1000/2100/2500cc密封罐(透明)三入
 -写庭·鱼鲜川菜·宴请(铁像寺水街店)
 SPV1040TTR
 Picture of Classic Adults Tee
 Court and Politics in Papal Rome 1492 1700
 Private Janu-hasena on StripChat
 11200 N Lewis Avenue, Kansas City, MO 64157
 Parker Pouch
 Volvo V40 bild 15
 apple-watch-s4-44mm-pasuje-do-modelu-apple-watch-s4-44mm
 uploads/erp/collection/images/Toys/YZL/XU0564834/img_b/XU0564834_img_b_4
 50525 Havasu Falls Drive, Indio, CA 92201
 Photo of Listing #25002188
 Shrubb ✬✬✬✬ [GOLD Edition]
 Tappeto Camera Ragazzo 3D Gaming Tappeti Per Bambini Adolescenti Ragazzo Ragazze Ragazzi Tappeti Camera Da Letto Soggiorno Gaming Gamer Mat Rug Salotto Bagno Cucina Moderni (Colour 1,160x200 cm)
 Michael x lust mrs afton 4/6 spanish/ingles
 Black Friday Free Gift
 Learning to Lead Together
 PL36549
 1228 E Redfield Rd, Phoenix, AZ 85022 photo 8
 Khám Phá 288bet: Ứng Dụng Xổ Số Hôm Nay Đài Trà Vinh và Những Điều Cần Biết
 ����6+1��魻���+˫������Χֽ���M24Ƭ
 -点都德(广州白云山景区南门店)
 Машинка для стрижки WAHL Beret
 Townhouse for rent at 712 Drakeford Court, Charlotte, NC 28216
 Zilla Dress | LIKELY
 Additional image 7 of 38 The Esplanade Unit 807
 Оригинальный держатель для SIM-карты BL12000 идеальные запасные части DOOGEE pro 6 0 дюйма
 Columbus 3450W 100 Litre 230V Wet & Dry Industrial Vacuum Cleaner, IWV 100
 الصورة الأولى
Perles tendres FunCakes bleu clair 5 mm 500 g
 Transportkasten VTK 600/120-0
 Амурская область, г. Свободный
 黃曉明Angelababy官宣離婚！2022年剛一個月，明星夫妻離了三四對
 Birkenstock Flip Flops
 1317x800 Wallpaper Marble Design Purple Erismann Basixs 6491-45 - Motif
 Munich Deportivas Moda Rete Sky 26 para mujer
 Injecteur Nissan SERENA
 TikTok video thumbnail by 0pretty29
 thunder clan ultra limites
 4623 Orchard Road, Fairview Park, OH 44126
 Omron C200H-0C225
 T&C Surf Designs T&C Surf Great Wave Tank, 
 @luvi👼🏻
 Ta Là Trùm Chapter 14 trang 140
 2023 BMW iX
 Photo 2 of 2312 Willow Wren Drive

-=-=-

Find where the line with "50525 Havasu Falls Drive, Indio, CA 92201" sits in the material above, then copy exactly from it through the line with "Michael x lust mrs afton 4/6 spanish/ingles". Add no other line.

 50525 Havasu Falls Drive, Indio, CA 92201
 Photo of Listing #25002188
 Shrubb ✬✬✬✬ [GOLD Edition]
 Tappeto Camera Ragazzo 3D Gaming Tappeti Per Bambini Adolescenti Ragazzo Ragazze Ragazzi Tappeti Camera Da Letto Soggiorno Gaming Gamer Mat Rug Salotto Bagno Cucina Moderni (Colour 1,160x200 cm)
 Michael x lust mrs afton 4/6 spanish/ingles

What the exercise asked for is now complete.